On December 20, 2019, then ICC Prosecutor said “war crimes have been or are being committed in the West Bank, East Jerusalem and Gaza.” What has been the outcome of pursuing justice through this institution, described as a “neo-colonial venture” with a penchant to go after Africans particularly and anti-Imperialists generally?

Recently, ICC Prosecutor Karim Khan’s pro-Israel bias and consistent disregard for Palestinians showed its ugliness when he welcomed Israeli “victims” to the ICC headquarters. He then rushed to Israel to meet more “victims” and condemn crimes attributed to Hamas, thus bolstering perceptions that the ICC is a tool of imperialist powers. In these atmospherics, SA’s referral of the Israeli regime to the ICC is merely an attempt to lure voters before the upcoming elections.

Thus far, Pretoria’s lack of political will and disdain for civil society has been demonstrated. Given these miserable results, what should Muslims do? People are accustomed to painting walls, flying flags, displaying paraphernalia and issuing statements. Are these enough?

There is widespread misunderstanding among Muslims by treating the zionist problem as a Palestinian-Israeli conflict instead of a global problem. Defying the nation-state paradigm, it is not a nationalistic issue where Muslims substitute struggle to regain our first Qiblah and third Haram for statements about Palestine that are divorced from our Islamic responsibilities towards members of our Ummah.

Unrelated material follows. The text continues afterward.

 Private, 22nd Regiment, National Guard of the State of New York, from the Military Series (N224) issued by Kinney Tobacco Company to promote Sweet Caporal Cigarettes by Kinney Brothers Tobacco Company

The realization that zionist aggression is everywhere must dawn on Muslims so that an intensified struggle against the zionist Israeli cancer everywhere replaces statements of rhetoric and tokenism.

CODESA-1 ensured that SA will be a united, democratic, non-racial and non-sexist state where sovereign authority is exercised over its whole territory and the constitution will be the supreme law. Similarly, unthinking Muslims advocate for a secular state in Palestine. This has to change. Muslims must advocate for an Islamic State which guarantees autonomy to its citizenry of other religions.

Muslims in SA claim liberty to practice Islam fully. As such, we should progress beyond carrying begging bowls to a government that exists through a process described in February 1992 by the African People’s Democratic Union of Southern Africa as “a conspiracy hatched by the Imperialists, giant local factory and mine owners, banks, the NP, the ANC and other lesser forces. The purpose is to ensure that capitalism and imperialism in Southern Africa are safeguarded through stability. As a by-product, ANC officials can occupy government posts, including the presidency, and be duly rewarded for cooperation with capitalists and imperialists.”

The urgent step for the Islamic Movement—as the liberators of the oppressed and the implementers of justice—is to commence a purposeful political education program knowing full well that these responsibilities can only be fulfilled by direct state control. Muslim experiments of past decades with ideologies alien to Islam and the bitter outcomes therefrom should awaken them that without the guidance of Allah as implemented by His Prophet, humanity will continue to limp aimlessly from one catastrophe to the next as has been the case in SA and the Holy Land.

Amid attempts by revisionists to exclude certain “icons” from the historical process and the culture of collective decision-making that has brought us here, we must not lose sight of their involvement lest experimentation with “their ideas” delay reconsideration of the Islamic alternative. It is time to extend a helping hand to the oppressed people and implement the Divine message beyond theological expressions.